Open source AI development platform Blitz AIIn a relationship with Nvidia, today announced the discharge of Thunder, a source-to-source compiler for the open source machine learning (ML) framework PyTorch. The company claims that this recent offering is designed to speed up the training of AI models through the use of multiple GPUs to enhance efficiency.
According to Lightning AI, the Thunder compiler achieves as much as 40% speedup when training large language models (LLMs) in comparison with unoptimized code in real-world scenarios. Regarding pricing, the corporate stated that Thunder is open source under an Apache 2.0 license and is freely available.
Lightning AI made its presence known at Nvidia GTC, where the corporate has since unveiled Thunder, which could possibly be the reply to the challenge of benefiting from GPUs slightly than increasing the variety of GPUs in use.
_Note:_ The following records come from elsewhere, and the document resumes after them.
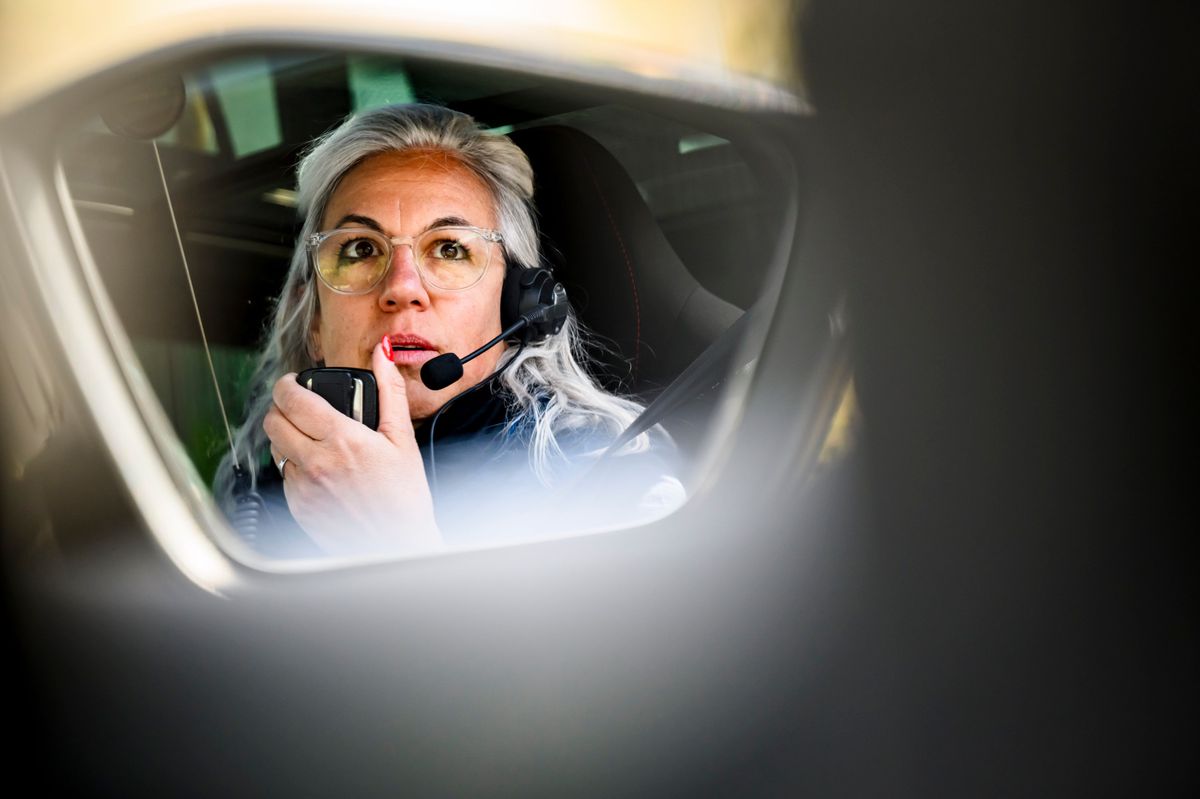 Olivia Jaquet, la voix de Radio Tour, pose lors de la 77eme edition du Tour de Romandie avant le depart de la 4eme etape entre Saillon et Leysin, le samedi 27 avril 2024 a Saillon. (KEYSTONE/Jean-Christophe Bott)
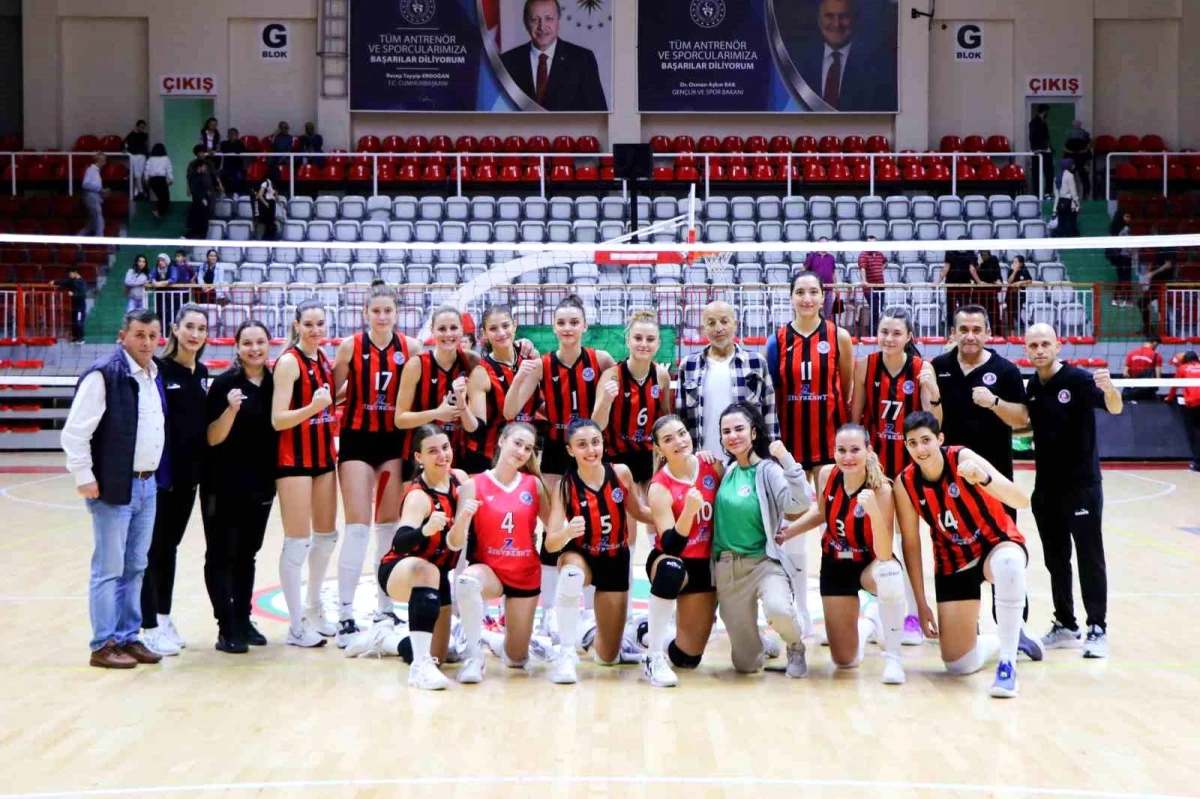 Çiftlikköy Belediyespor Kadın Voleybol Takımı, sezona galibiyetle başladı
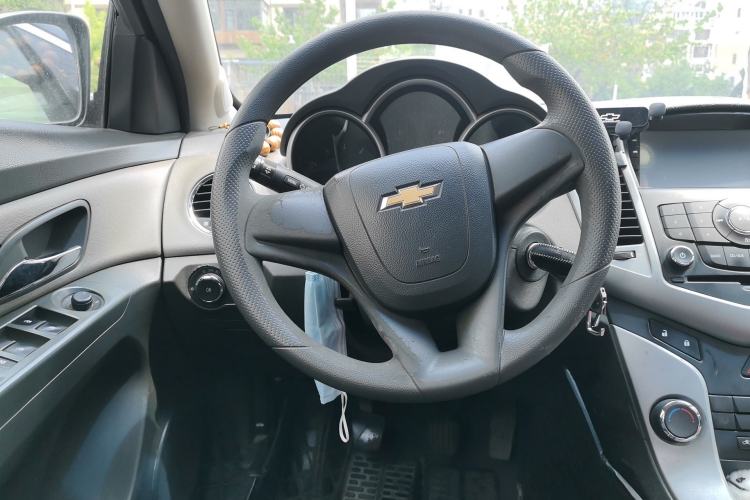 Used Chevrolet Cruze 2013 1.6L SL MT Steering Wheel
As of 2022, Lightning AI is committed to developing next-generation deep learning for PyTorch, compatible with Nvidia's suite of other products, including Torch.compile, nvFuser, Apex, CUDA Deep Neural Network Library (cuDNN), in addition to OpenAI's Triton.
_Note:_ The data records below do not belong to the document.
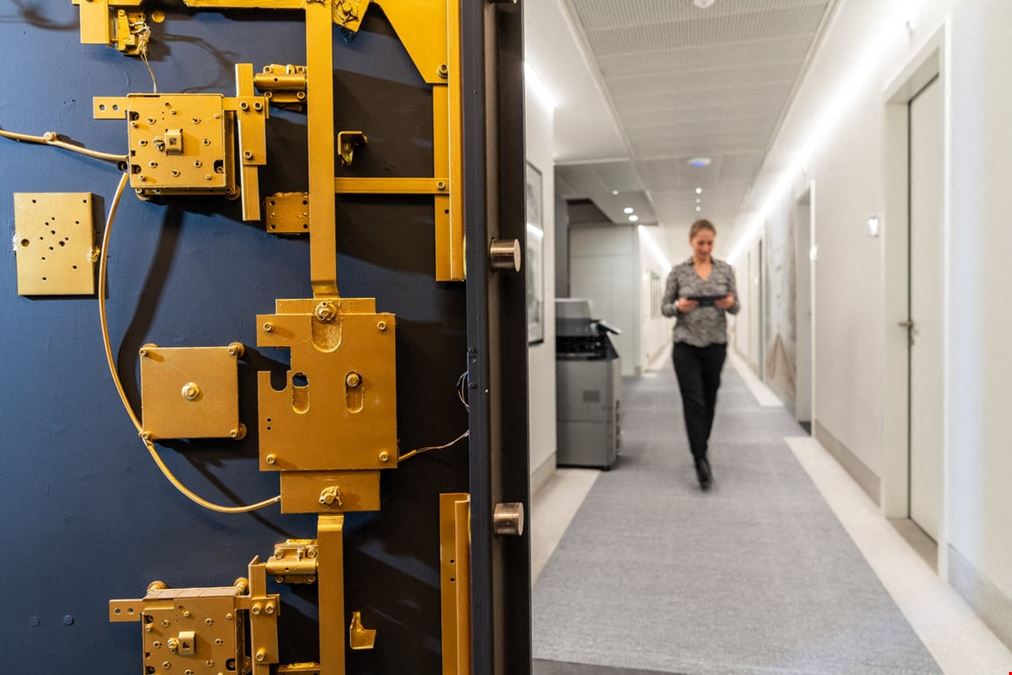 Satellite Office - Hotel de Banque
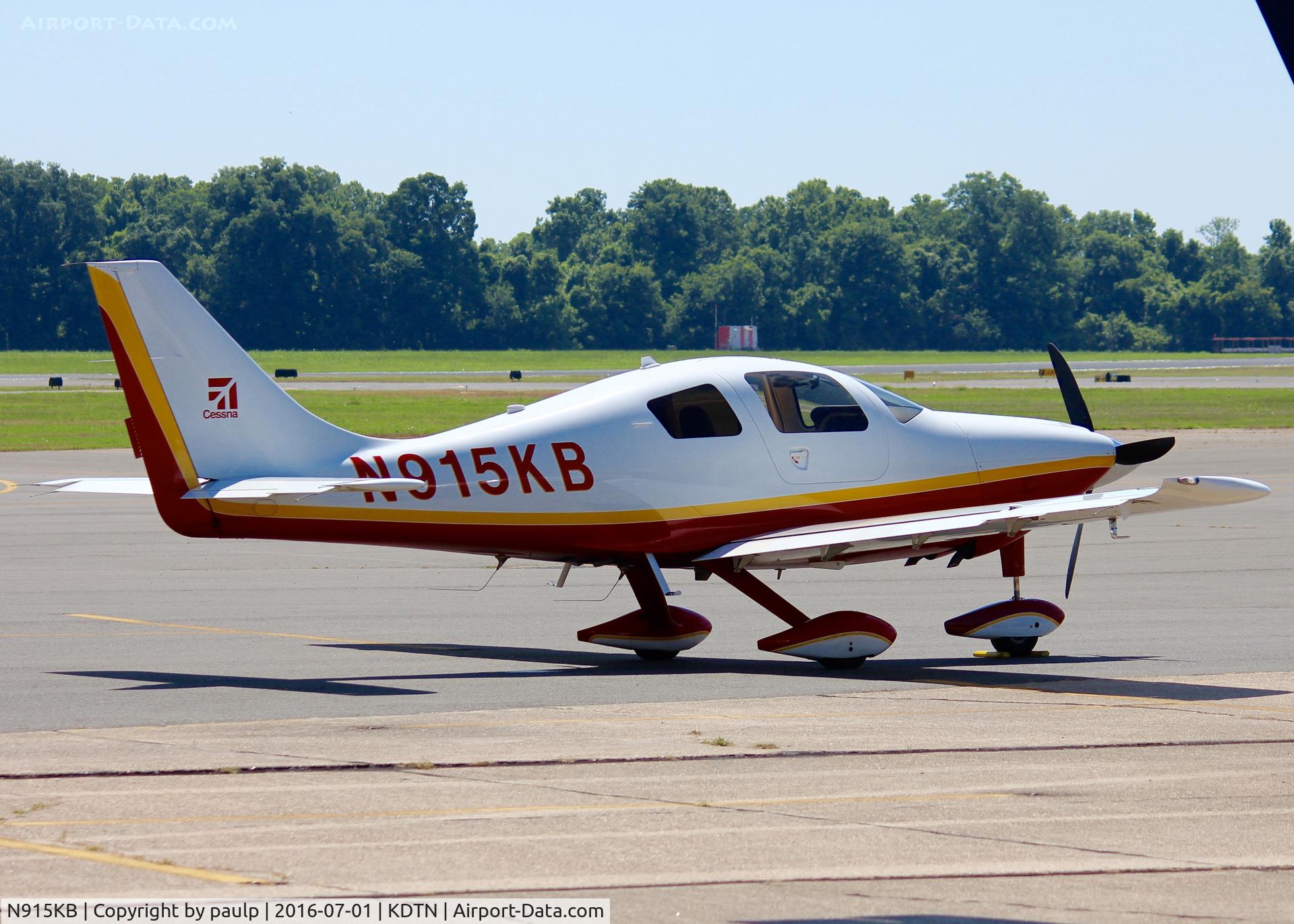 N915KB, 2008 Cessna LC42-550FG C/N 421012, At Downtown Shreveport.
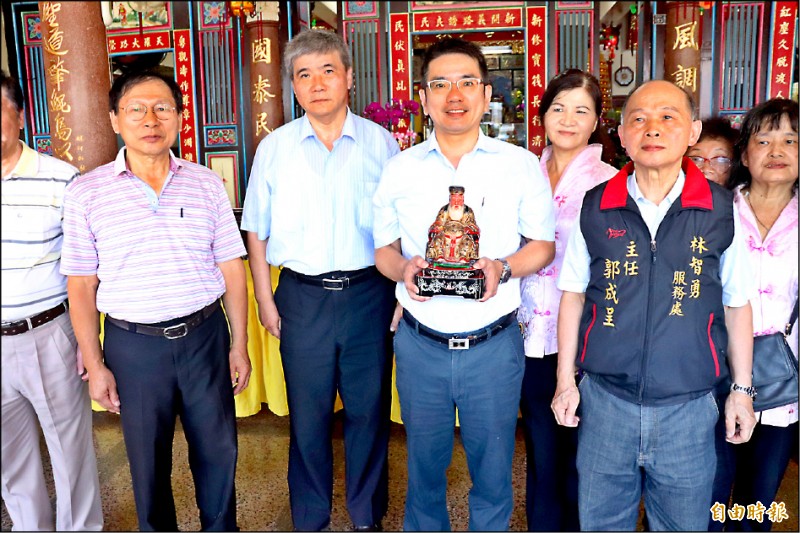 宜蘭市長江聰淵呼籲民眾提供線索，讓土地公早日團圓。（記者林敬倫攝）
Formerly referred to as Grid AILightning AI – the creators of the open source Python library PyTorch Lightning – goals to speed up workloads through its optimizations to potentially compete with other open source communities equivalent to Open AI, Meta AI and Nvidia.
Led by PyTorch core developer Thomas Viehmann, known for his work on TorchScript and implementing PyTorch on mobile devices, the corporate announced that the compiler will provide generative AI models from multiple GPUs. William Falcon, CEO and Founder of Lightning AI, expressed his excitement about working with Viehmann, noting, “Thomas literally wrote the book on PyTorch. At Lightning AI, he’ll lead the upcoming performance breakthroughs we’ll bring to the PyTorch and Lightning AI communities,” Falcon said in a press release.
Between data collection, model configuration, and supervised fine-tuning, the model training process might be time-consuming and dear. When you add other aspects equivalent to technological expertise, management and optimization, these challenges turn into even greater. In the age of adversarial AI, attackers are training LLMs to govern and deceive AI systems, which may pose a significant threat to firms.
Luca Antiga, Chief Technology Officer of Lightning, points out that performance optimization and profiling tools are obligatory keys to scaling model training. Without it, lots of time, resources, and money—to the tune of billions of dollars—will probably be spent on training LLMs. “What we’re seeing is that customers will not be taking full advantage of accessible GPUs and are as a substitute addressing the difficulty with more GPUs,” Antiga said in a press release. He also noted that when combined with Lightning Studios and its profiling tools, customers can use GPUs more effectively and train the LLMs to operate faster and at scale through Thunder's code optimization.
Following the corporate's release of Lightning 2.2 in February, Thunder is now available to be used. Lightning Studios products might be purchased at 4 price levels: free for individual developers, Pro level for engineers, researchers and scientists; Teams level for startups and teams and enterprise level for larger organizations.